Irene Barnes Taeuber (December 25, 1906 – February 24, 1974) was an American demographer who worked for the Office of Population Research at Princeton University, where she edited the journal Population Index from 1936 to 1954.[1][2] Her scholarly work is credited with helping to establish the science of demography.[3]
She took a faculty position at Mount Holyoke College in 1931, but in 1934 her husband joined the Federal Emergency Relief Administration and she moved with him to Washington, DC. She began working on the journal Population Literature of the Population Association of America; when its editor Frank Lorimer left the position in 1935, the journal moved to the Office of Population Research at Princeton University, where it became Population Index, and she moved with it. She was initially a research associate there (part-time while her children were young), and was promoted to senior research demographer in 1961; she retired in 1973.[2]

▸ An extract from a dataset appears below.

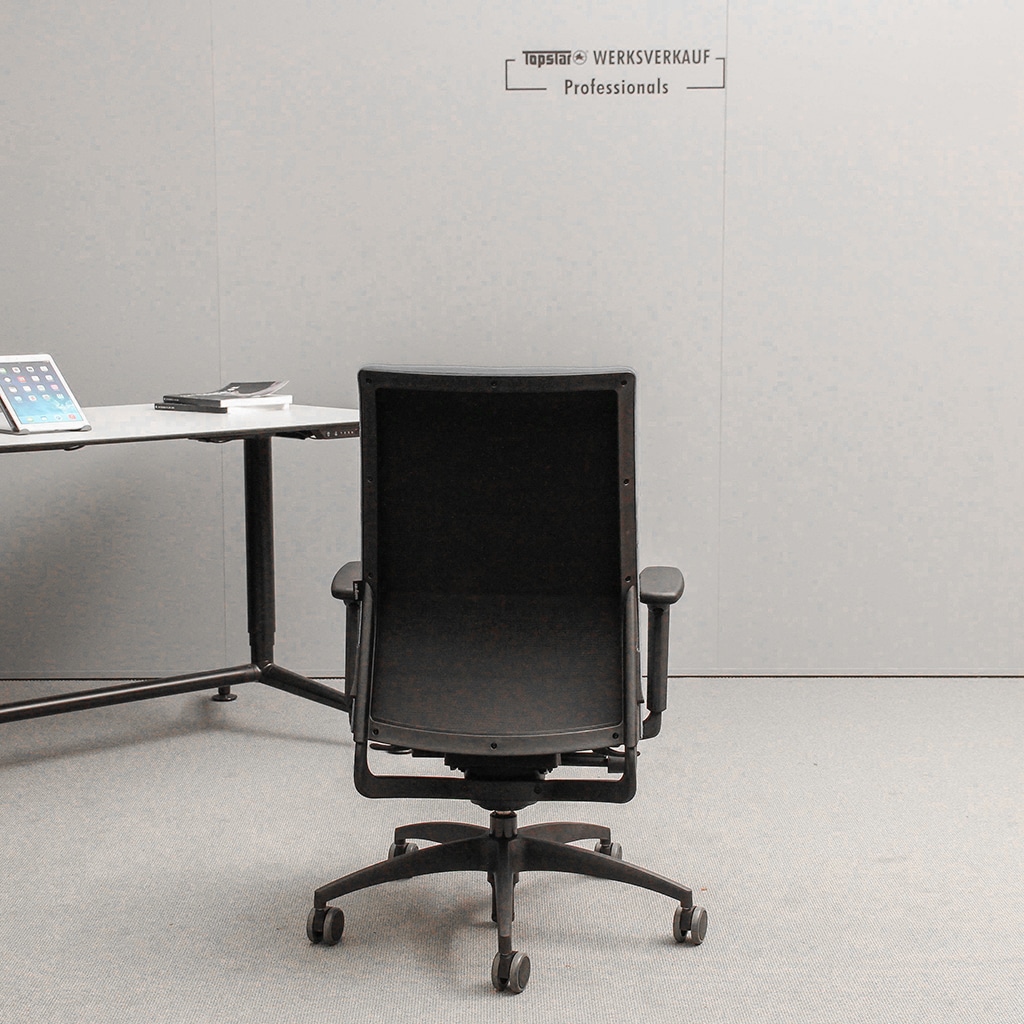 Wagner Ergo Medic 100-4 mit Armlehnen schwarz/dunkelgrau inkl. Hartbodenrollen Wagner Ergo Medic 100-4 mit Armlehnen schwarz/dunkelgrau inkl. Hartbodenrollen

She died on February 24, 1974, of pneumonia and emphysema.[2]
Taeuber wrote and edited many books and articles,[2] totalling "a dozen influential books and book-length reports and some 250 articles and chapters."[4]
But her most significant work was the book The Population of Japan (Princeton University Press, 1958).[1][2][4]
Nearly 500 pages long, this book is in seven sections. The first one gives a historical and sociological overview of Japanese life and culture, followed by sections on the Meiji period and the modern era. Next follow sections on internal migrations, the Meiji-era expansion of the Japanese empire, the effects of fertility and mortality on the population, and a demographic view of the effects of World War II on Japan with an eye to future possibilities.[5][6][7][8][9] This work "demonstrates the power of demographic analysis ... as an instrument for the description of social change".[4] It was well-received in Japan, and a Japanese translation was published by the Mainichi Press.[2]